Exercise directions. Print the data below exactly, but only the lines from the one containing "Bedroom, Bed in Comfort Suites Conway" down to the one containing "For RentCondoSiam Paragon", inclusive.

Input.
————
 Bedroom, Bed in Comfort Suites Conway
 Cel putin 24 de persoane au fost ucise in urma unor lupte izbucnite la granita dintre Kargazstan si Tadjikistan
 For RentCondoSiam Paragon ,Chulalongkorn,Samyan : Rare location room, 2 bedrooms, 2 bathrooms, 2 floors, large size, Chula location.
————
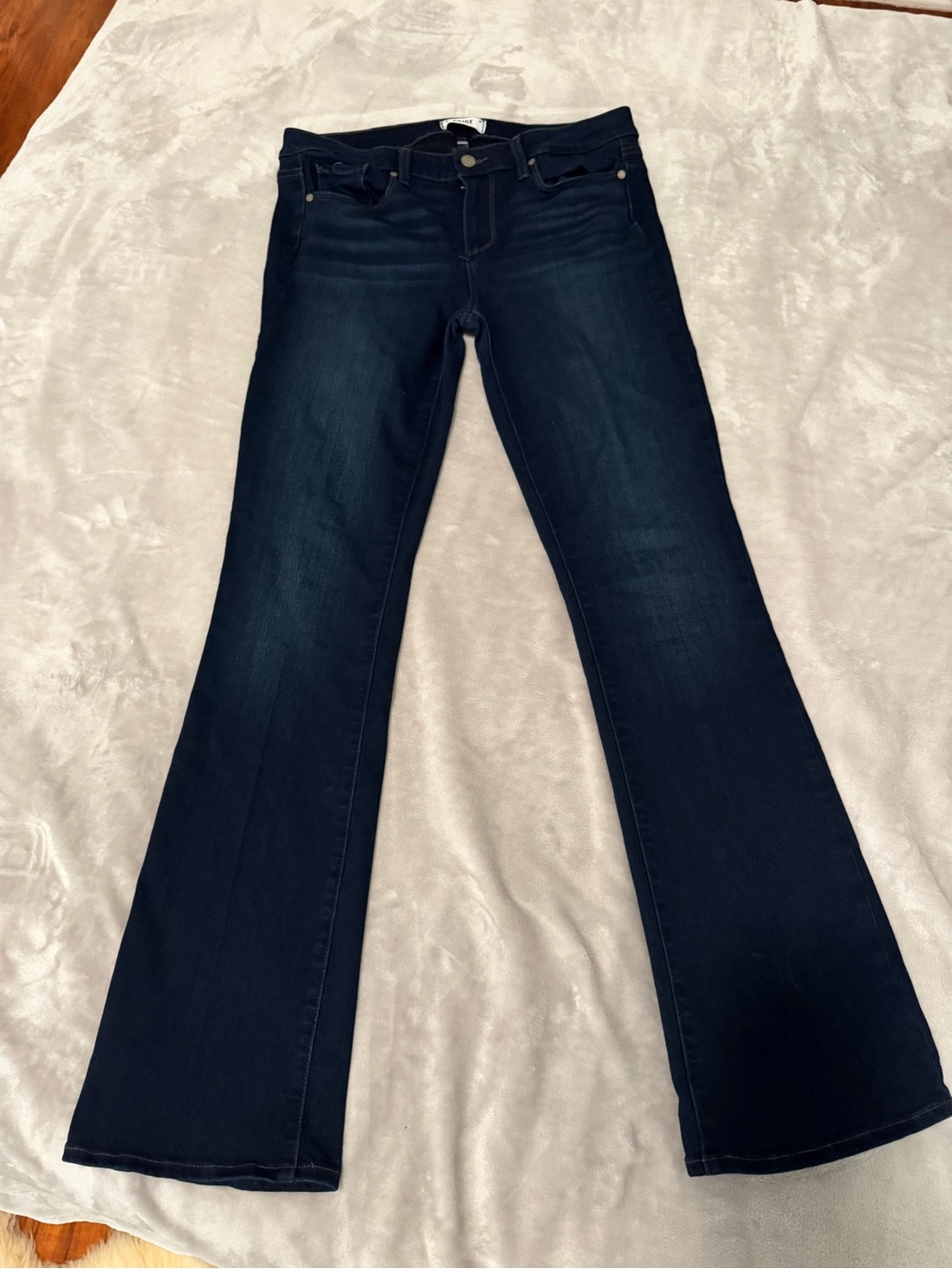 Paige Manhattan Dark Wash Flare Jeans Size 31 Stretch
————
Task output.
 Bedroom, Bed in Comfort Suites Conway
 Cel putin 24 de persoane au fost ucise in urma unor lupte izbucnite la granita dintre Kargazstan si Tadjikistan
 For RentCondoSiam Paragon ,Chulalongkorn,Samyan : Rare location room, 2 bedrooms, 2 bathrooms, 2 floors, large size, Chula location.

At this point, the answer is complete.